# Task objective
Only the lines below from the one containing "Camisa Eintracht Frankfurt" through the one containing "Rajmahal Palace by" belong in the answer, set down exactly, with the pictures left out.
(Beginning of Provided records)
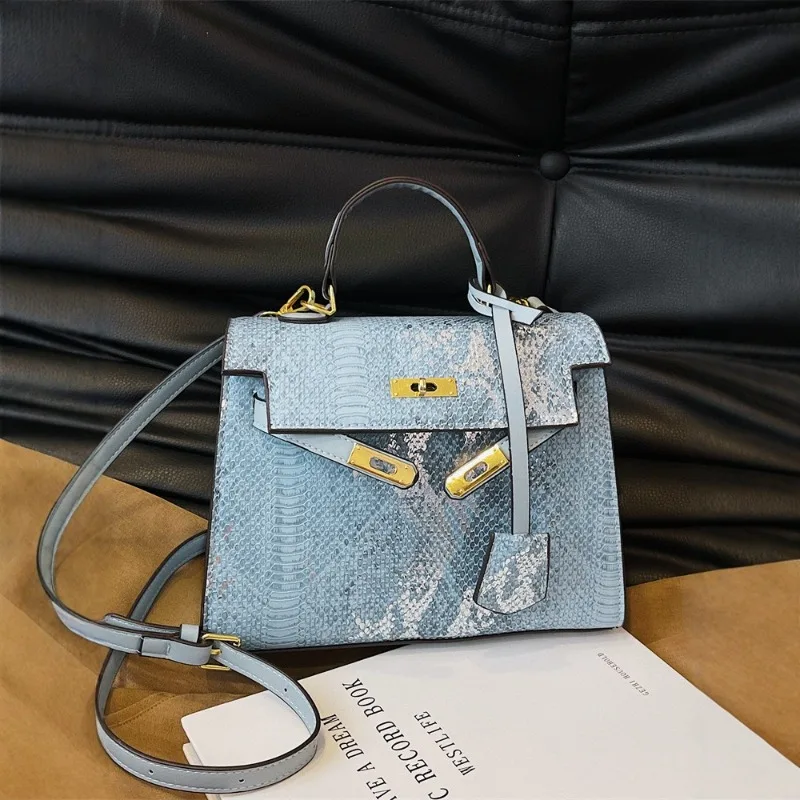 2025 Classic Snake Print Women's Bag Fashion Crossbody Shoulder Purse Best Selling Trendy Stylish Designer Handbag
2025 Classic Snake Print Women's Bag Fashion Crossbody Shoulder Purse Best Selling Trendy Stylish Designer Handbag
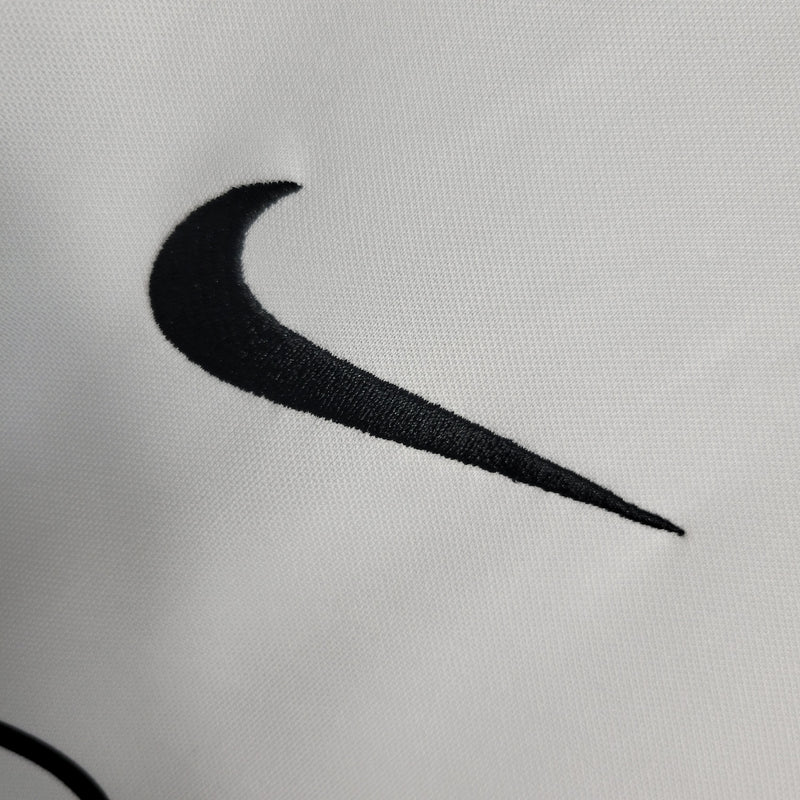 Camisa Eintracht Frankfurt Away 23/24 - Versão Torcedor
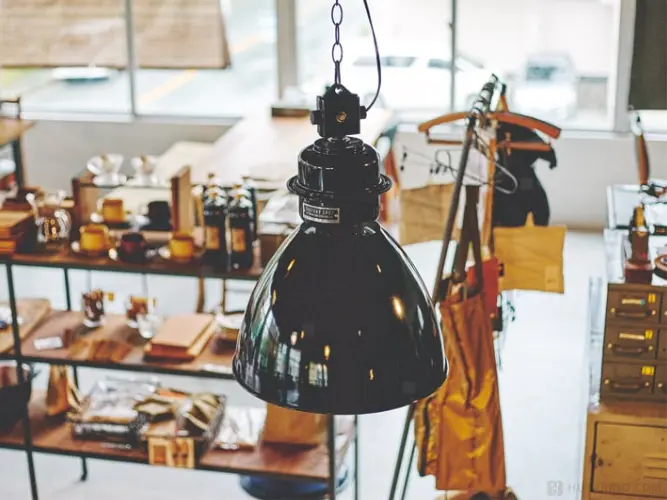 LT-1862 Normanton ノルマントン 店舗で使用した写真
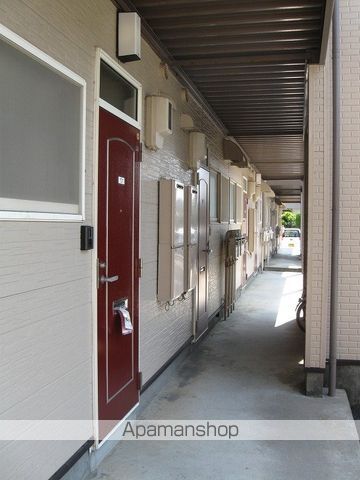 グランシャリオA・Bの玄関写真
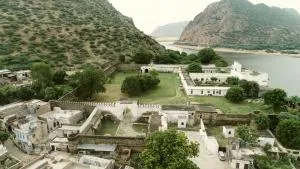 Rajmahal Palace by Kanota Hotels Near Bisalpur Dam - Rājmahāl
(End of Provided records)
(Beginning of Provided records)
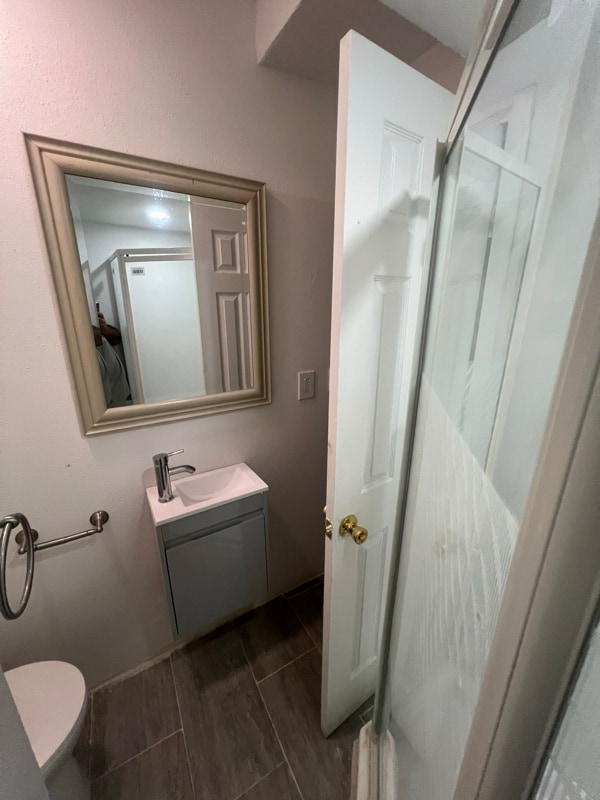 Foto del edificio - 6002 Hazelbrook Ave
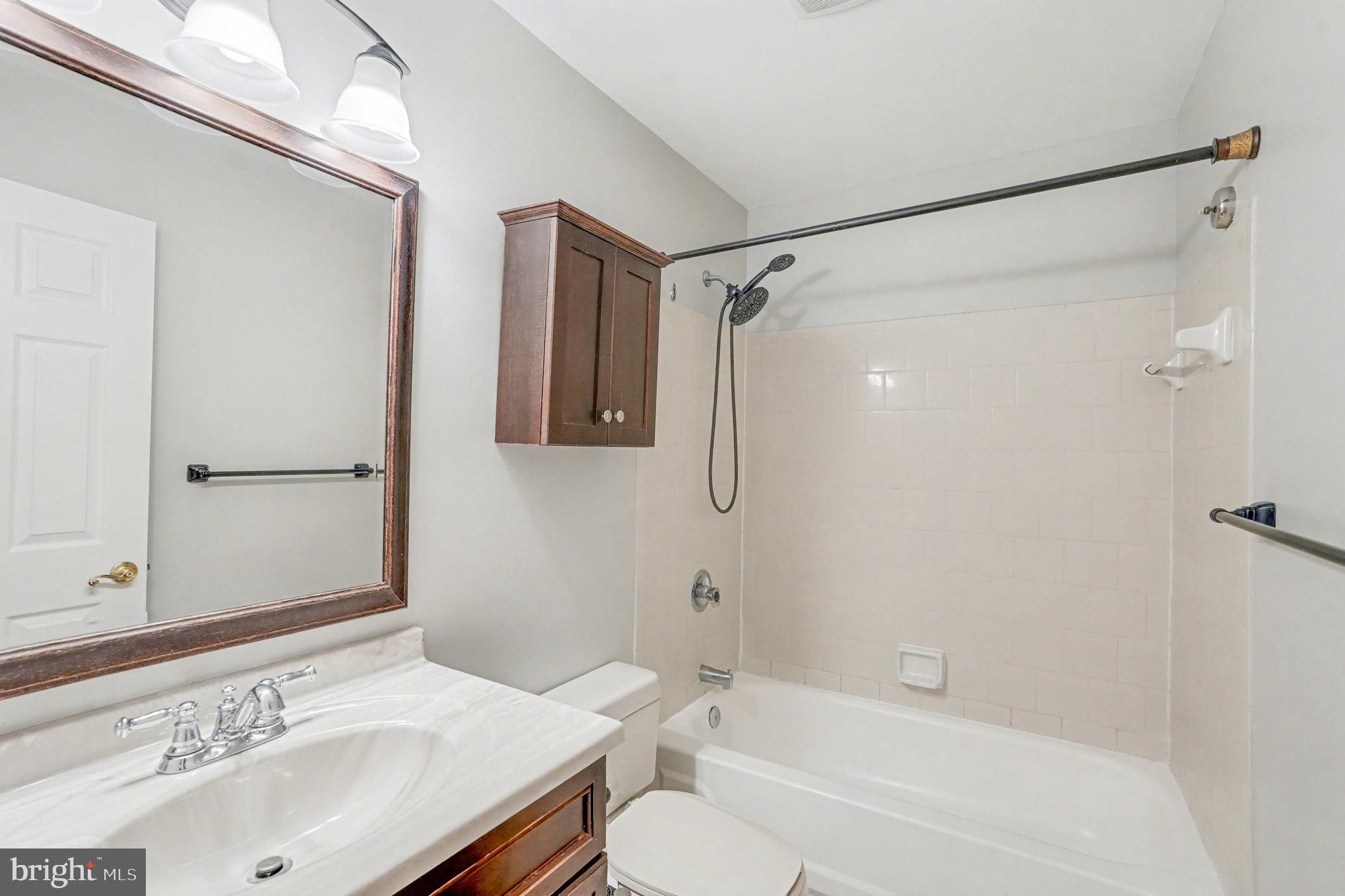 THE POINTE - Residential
(End of Provided records)
# Exercise output
 Camisa Eintracht Frankfurt Away 23/24 - Versão Torcedor
 LT-1862 Normanton ノルマントン 店舗で使用した写真
 グランシャリオA・Bの玄関写真
 Rajmahal Palace by Kanota Hotels Near Bisalpur Dam - Rājmahāl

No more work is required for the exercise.